Welcome to an exciting year-long project here at The Nerdy. 1984 was an exciting year for films giving us a lot of films that would go on to be beloved favorites and cult classics. Imagine a world where This is Spinal Tap and Repo Man hit theaters on the same day. That is the world of 1984.

We’re going to pick and choose which movies we hit, but right now the list stands at nearly three dozen.

Yes, we’re insane, but 1984 was that great of a year for film.

The articles will come out on the same day the films hit theaters in 1984 so that it is their true 40th anniversaries. All films are also watched again for the purposes of these reviews and are not being done from memory.

This time around, it’s Dec. 21, 1984, and we’re off to see Breakin 2: Electric Boogaloo, The Flamingo KidJohnny DangerouslyMicki & Maude, and Protocol.


Breakin 2: Electric Boogaloo

No, you aren’t imagining things, this movie came out the same year as the first one. Breakin’ came out in May, and seven months later, we’re back with the second film.

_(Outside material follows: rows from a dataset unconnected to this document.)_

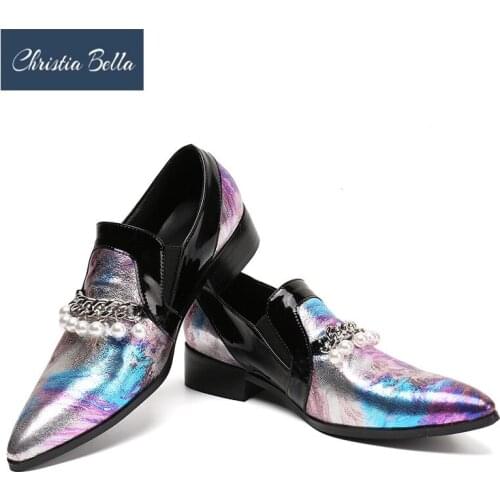 Christia Bella Plus Size 38-47 British Style Chic Men Pointed Toe Genuine Leather Formal Dress Loafers Shoes Sexy Nighrclub Shoe
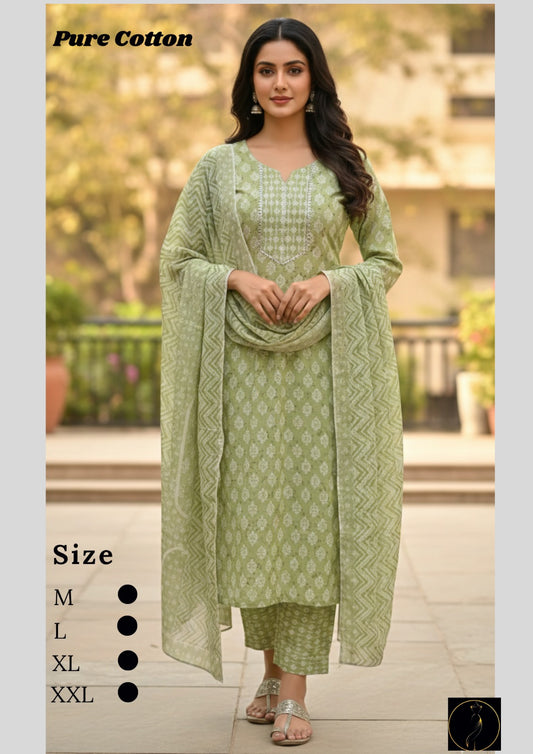 Pure Cotton Pink Kurti Set for Women | Stylish Ethnic Wear with Dupatta (M-XXL)
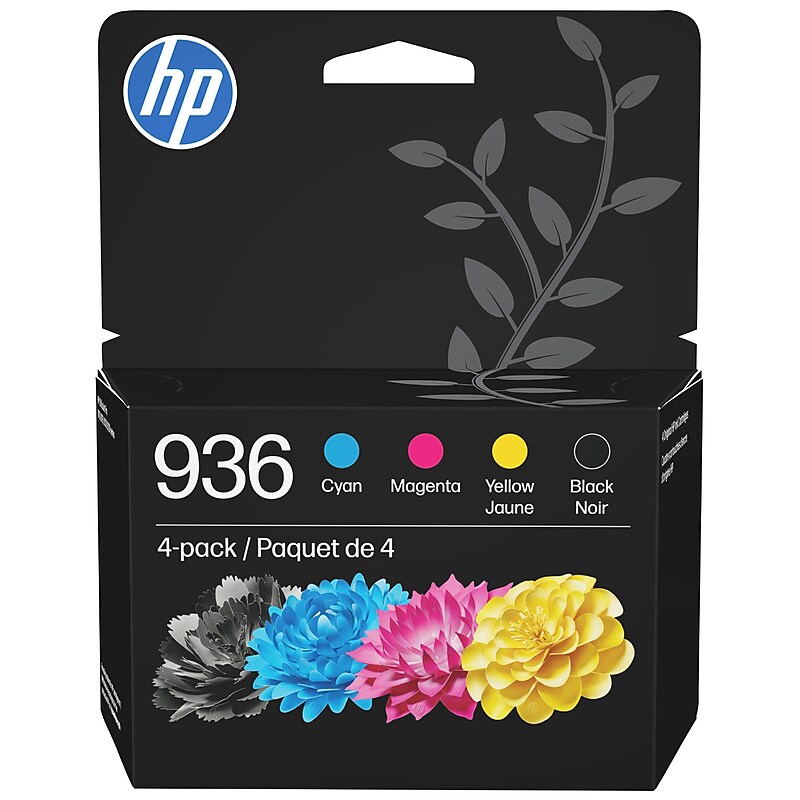 HP 936 Black/Cyan/Magenta/Yellow Standard Yield Ink Cartridges, 4/Pack (6C3Z5LN) image 1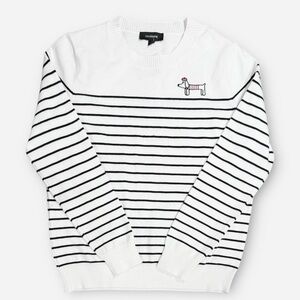 NEW CALLIGRAPHIE BY ANTHROPOLOGIE Dachshund Dog Striped Sweater Sz L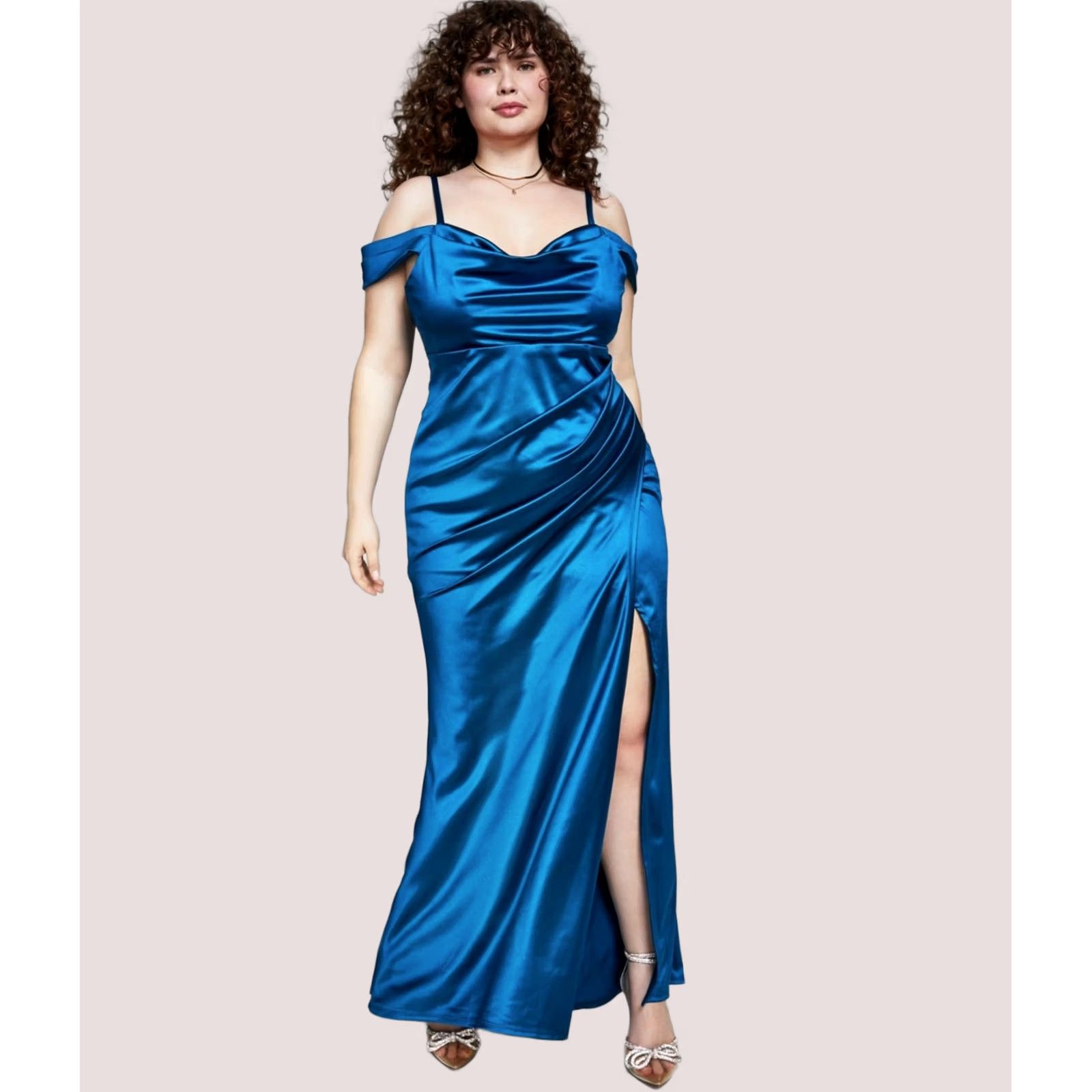 Vintage B. DARLIN Womens Gown Dress lagoon Plus Size 16W Satin Slit Size XXL / US 16-18 / IT 52-54 - 1 Thumbnail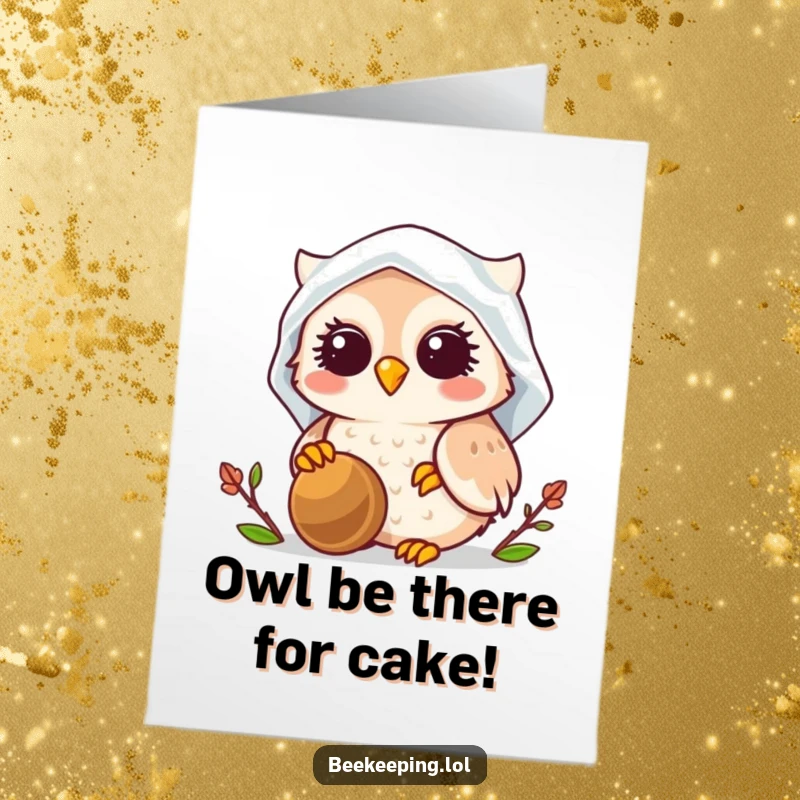 Funny free printable birthday card featuring a smiling owl in a veil, tending a beehive with a birthday wish.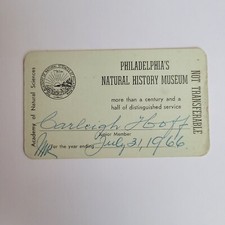Carleigh Hoff 1966 Membership Card Philadelphia Natural History Museum JEM 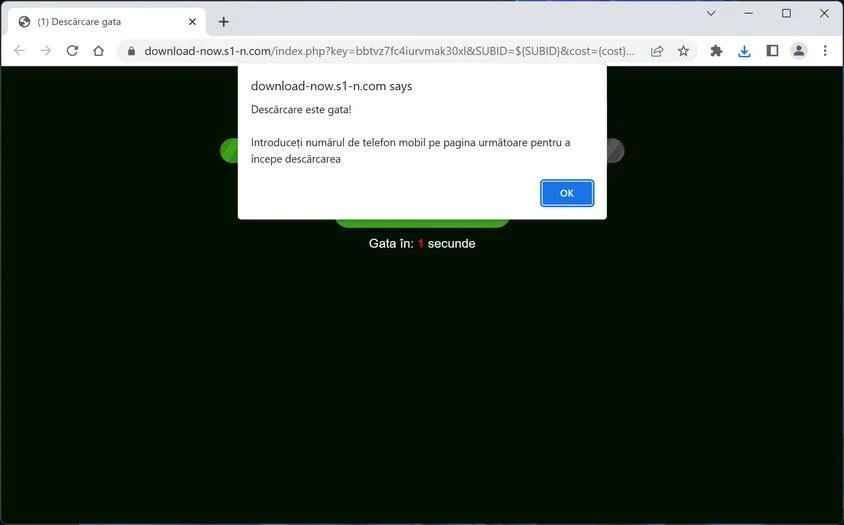 Image: Chrome browser is redirected to Download-now.s1-n.com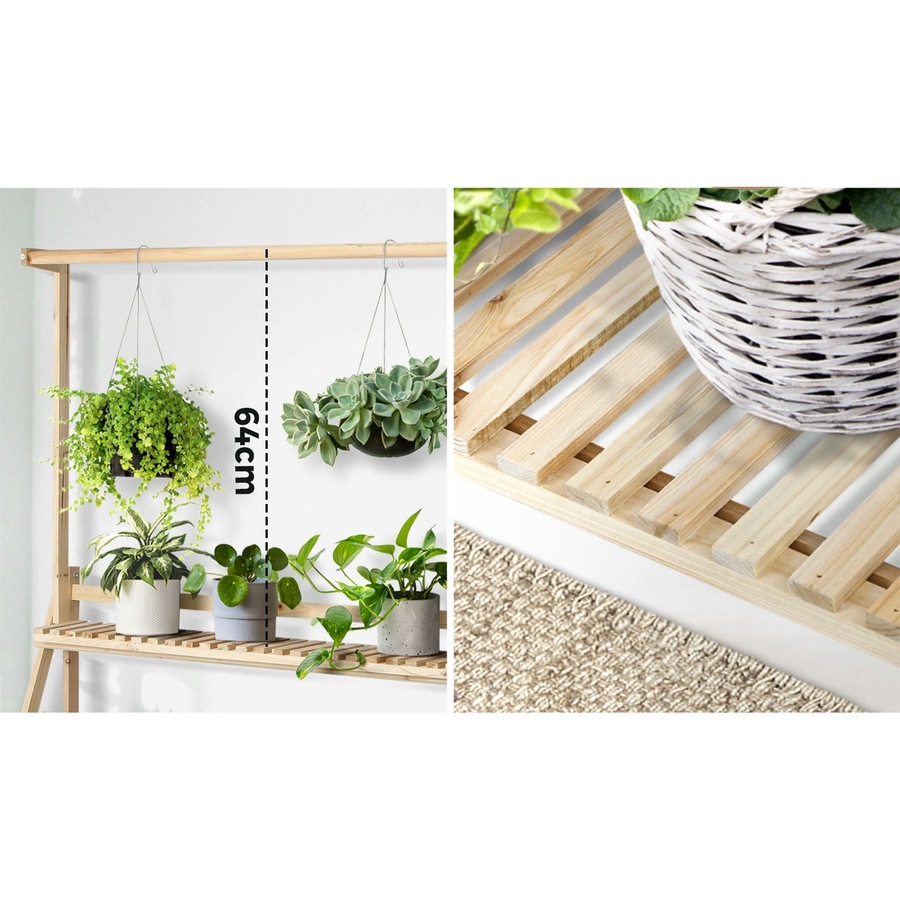 Livsip Plant Stand Outdoor Indoor Wooden Flower Pots Rack Corner Planter Shelf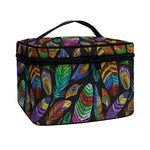 Bohemian Feather Pattern Print Travel Makeup Bag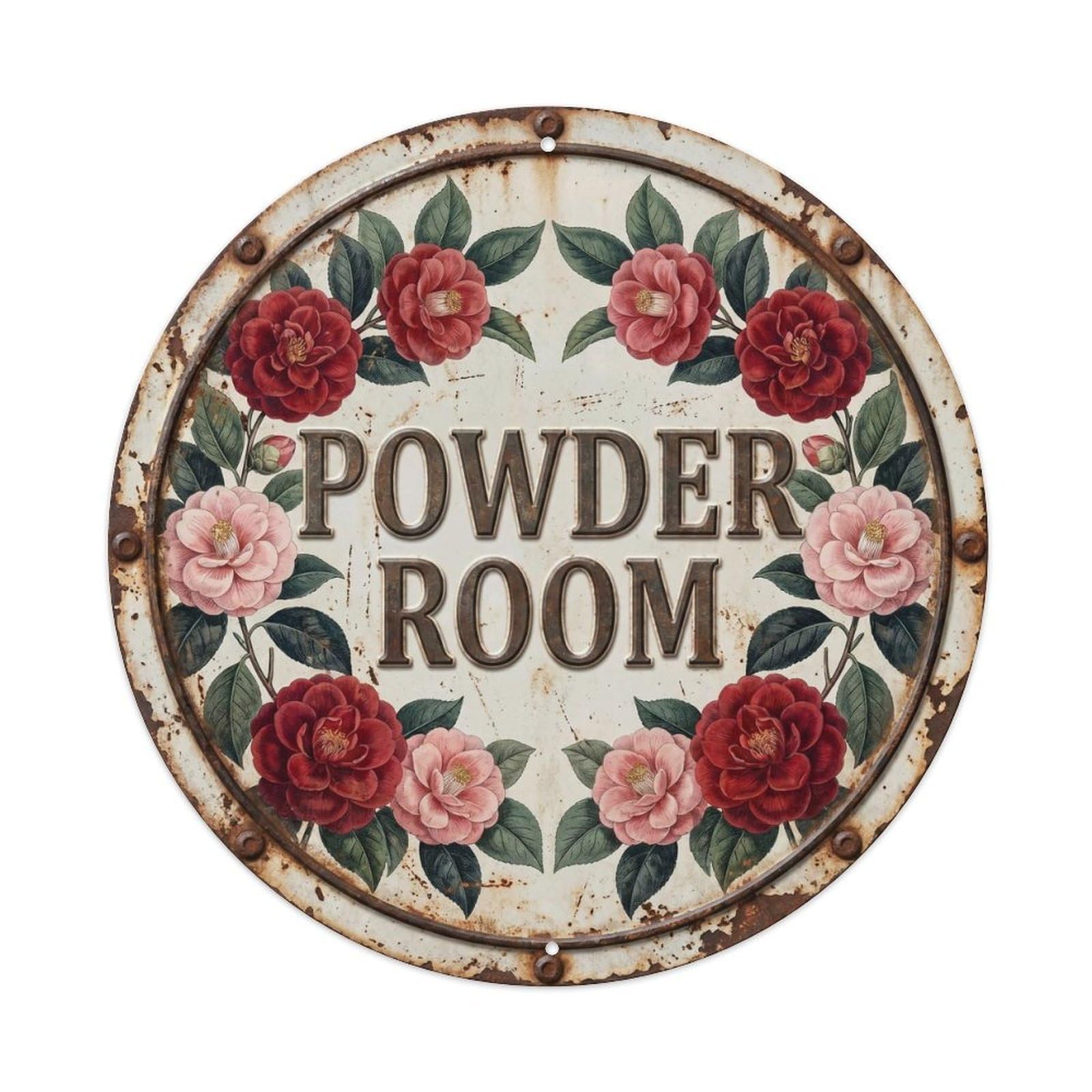 Powder Room Botanical Floral Vintage Label Camellia Metal Tin Sign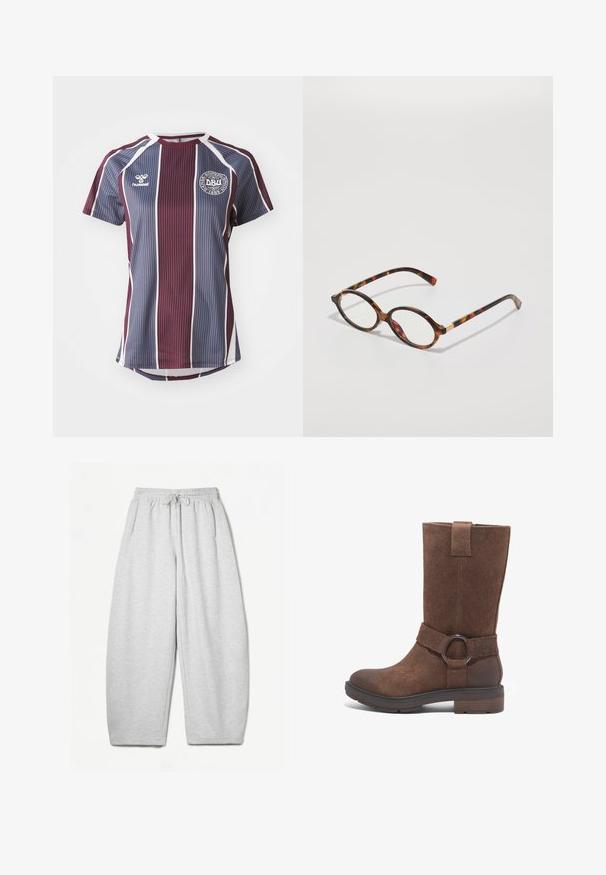 Maroon ja siniseksi raidallinen urheilupaita lyhyillä hihoilla. Siinä on pyöristetty pääntie, valkoiset korostukset ja pyöreä logo rinnassa.; Harmaat rentosäärystimet, joissa on rento istuvuus, joustava vyötärö, nyöri ja sivutaskut; valmistettu pehmeästä, teksturoidusta kankaasta.; Ruskean mokkanahkainen pitkä saapas, jossa on pyöreä varvas, tasapohja ja koristeellinen hihna, joka sisältää pyöreän metallirenkaan korosteen.; Kaukoputkiset silmälasit, joissa on soikeat kehykset, kirkkaat linssit ja kultaiset yksityiskohdat. Varustettu kaarevilla templeillä ja sileällä, kiiltävällä pinnalla.; Hopehope hopehope hopehope hopehope hopehope, joka on sileä ja kiillotettu pinta ja ohut, pyöreä muoto. Muotoilu sisältää turvallisen lukituksen.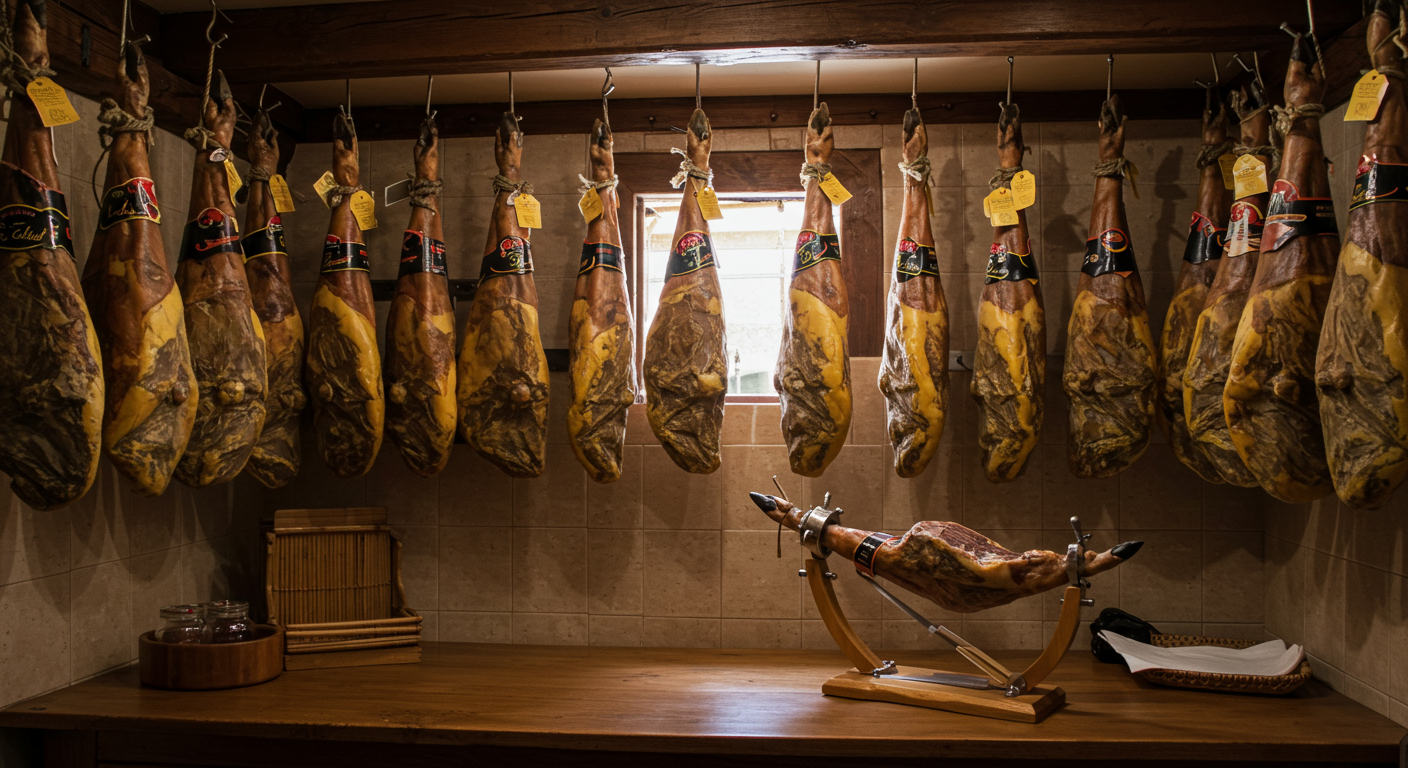 Patas de jamón ibérico colgadas en una jamonería española tradicional, con los precintos de colores de categoría visibles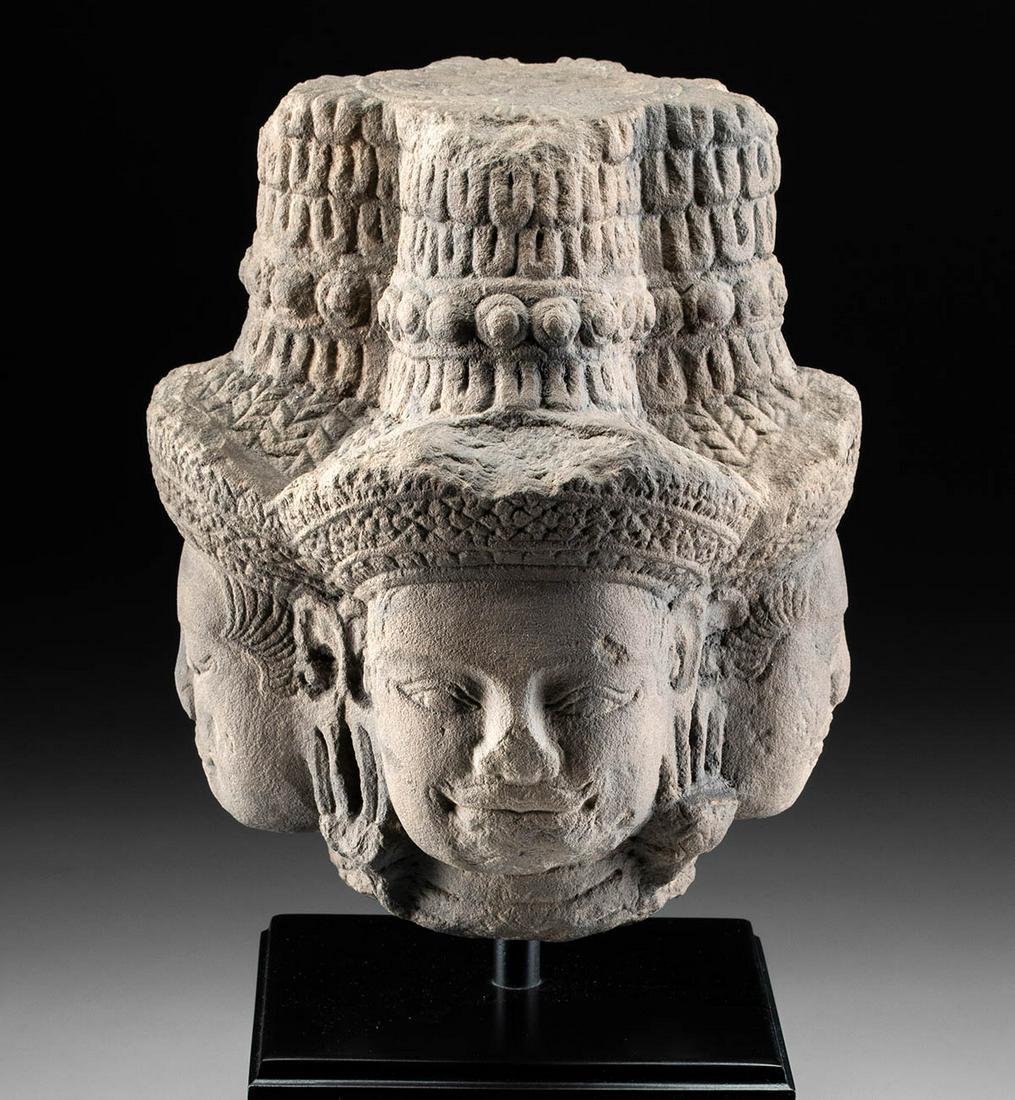 Rare 17th C. Khmer Post-Angkor Head of Brahma (1 of 5)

Kelly “Special K” Bennett (Lucinda Dickey) has been getting professional work since the first film, but not anything that is exciting her. She moves back home when a chorus line job comes to an end and then heads back to the streets to meet up with Ozone (Adolfo “Shabba Doo” Quiñones) and Turbo (Michael “Boogaloo Shrimp” Chambers), and just in time: A developer is trying to steal the community center!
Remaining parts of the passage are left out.